Call in the cleaners

The Great Truckee Meadows Community Cleanup

Maia Dickerson crouches by an illegal dumpingsite in Sun Valley.

Maia Dickerson crouches by an illegal dumpingsite in Sun Valley.

Photo by KAT KERLIN

The Great Truckee Meadows Community Cleanup is May 9, 8:30 a.m. to noon. For more information and to sign up to volunteer, contact Keep Truckee Meadows Beautiful at 851-5185, or visit ktmb.org.

Amid the red earth, the green sage and the expansive skyline is a couch. A busted, ripped apart couch, unsuitable even to watch a sunset. Nearby, someone has left the remains of a garden project—sod, empty Miracle-Gro bags, plant containers. This is the small stuff. Drive deeper into these back roads of public land in Sun Valley to find mattresses, junked cars and tires.

“It’s not like cigarette butts and things like that,” says Maia Dickerson, program director with Keep Truckee Meadows Beautiful, which is coordinating the Great Truckee Meadows Community Cleanup on Saturday, May 9. “It’s more substantial than that.”

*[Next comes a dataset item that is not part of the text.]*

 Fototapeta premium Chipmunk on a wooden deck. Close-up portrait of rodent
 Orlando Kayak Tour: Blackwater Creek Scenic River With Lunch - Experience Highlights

Abandoned junk is hardly limited to Sun Valley. Cleanup volunteers can choose from 10 local sites the event is targeting. KTMB still needs volunteers of all ages to participate in the 8:30 a.m. to noon event, with lunch served afterward. Past years have typically attracted about 500 volunteers. Roughly 100 people were signed up at press time.

Last year, volunteers cleaned up 116 tons of trash, which was slightly down from the previous year, when 144 tons were collected. Providing some indication of a rise in illegal dumping are reports from the district health department of a 50 percent increase in illegal dumping complaints this January through March compared to the same time period last year. The good news is the Litter Index, compiled annually by KTMB, shows that once trash is cleared from these sites, it doesn’t tend to return in significant amounts. Trash breeds trash, and the reverse is true, too, says Dickerson.

Some people don’t tend to think of yard waste as trash, but dumping sod, branches and other bio-waste is a fire hazard. These dump sites are littered with dry, rusty brown, abandoned Christmas trees, a scene particularly irksome to Dickerson, given that KTMB holds a free Christmas tree recycling event every year.

One obvious reason people dump illegally is because they don’t want to pay the fees for proper disposal. Lockwood Landfill just wrapped up its annual Free Dump Week on April 29. However, there are commonly abandoned things that Waste Management, Lockwood Landfill or the transfer stations take for free each year per household: one residential refrigerator; one mattress or sofa; de-lidded and dried out house paint; white metals, such as washers and dryers; one computer monitor or television; Recycle America takes products made by Sony, LG, Zenith and Goldstar for free; two car batteries; 10 quarts of used, uncontaminated motor oil and up to three gallons of antifreeze per residential customer. New2u Computers also recycles a variety of electronic waste at its warehouse in Sparks.

Some of the waste comes from businesses that hire someone to take their trash to the landfill but who, instead, pocket the money and dump it on public lands. “Make sure the people contracted to move your stuff are actually doing that,” says Dickerson.

To report an illegal dump site, call 329-DUMP (3867). If you witness illegal dumping as it’s happening, call 324-COPS (2677). Don’t approach the dumper or remove items from the dump site, but take pictures of the vehicle and get the license plate number, color and description of the vehicle.